Mr. Rossi, who lives at Beech Drive, East Finchley, will be standing again as Conservative candidate for the Hornsey constituency. His Labour opponent will be Mr. Philip Pestell, of Queens Avenue, Muswell Hill, while the Liberals will be represented by Mr. Laurence Brass, of Corringham Road, Hampstead Garden Suburb.

• The party headquarters are:—Conservatives: 267, Ballards Lane, North Finchley; Liberals: 331a, Ballards Lane, North Finchley; Labour: 166, Regent's Park Road, Church End Finchley.

• The 1966 election in Finchley resulted in a majority of 9,464 for Mrs. Thatcher. The results were: Conservative, 23,968; Labour, 14,504; Liberal, 13,070. [end p1]

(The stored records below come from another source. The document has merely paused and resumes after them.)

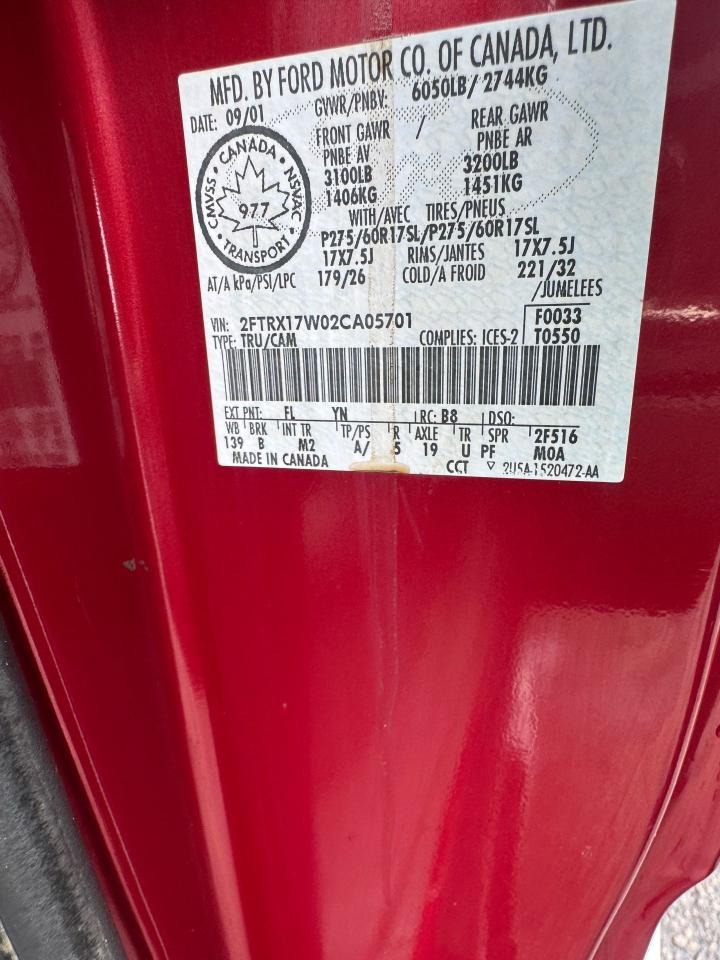 2002 Ford F-150 XLT, NO ACCIDENTS, WELL MAINTAINED, ALL ORIGINAL - Photo #17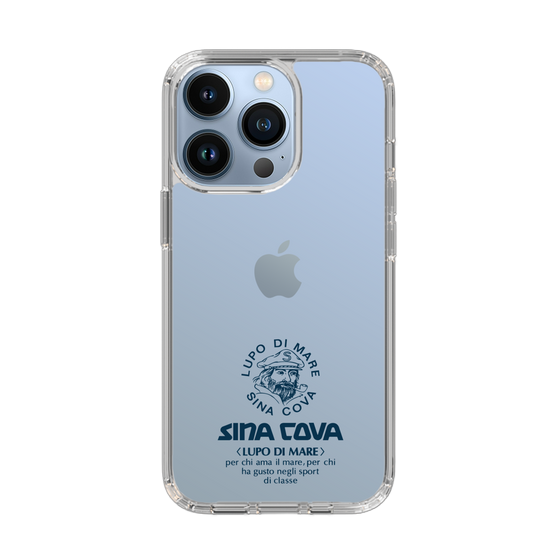 Slim Protection Case［ SINA COVA - Logo - Navy ］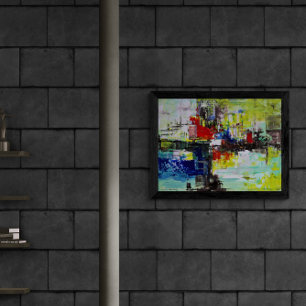 "Vivid Dreams", Abstract Art Poster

(2) Finchley Times, 29 May 1970

A fourth term in Parliament is what the confident Conservatives expect for their calm candidate, Mrs. Margaret Thatcher, MP, who has been readopted as the official Conservative candidate at a meeting in Finchley.

The favourite daughter of the Finchley Conservatives, she has kept the election machine smoothly purring away.

Now she has given it more throttle and every possible angle in the battle for votes is explored. Take the important postal vote …

Roy Langstone, the Tory election agent, said: “We've put a lot of work into this and now the postal votes are coming in at a hell of a rate. Fifteen hundred people applied for postal votes in the 1966 election and 1,200 of them were used, of which 1,100 were cast for us. We are aiming to get those figures again.”

Mrs. Thatcher, spreading her energies over Finchley and other constituencies where she has been asked to appear—she is the only woman in Mr Heath 's Shadow Cabinet—has completed her first election leaflet.

In it she recalls that she has represented Finchley since 1959 and hopes that the electors will again give her a vote of confidence.

She advises people not to be influenced by television electioneering, but to attend meetings and ask questions. She is speaking at six public meetings in the constituency.

Mrs. Thatcher has specially invited young people who have never voted in a general election before to attend her meetings.

She wants to maintain the democratic tradition of public meetings with lots of questions being fired.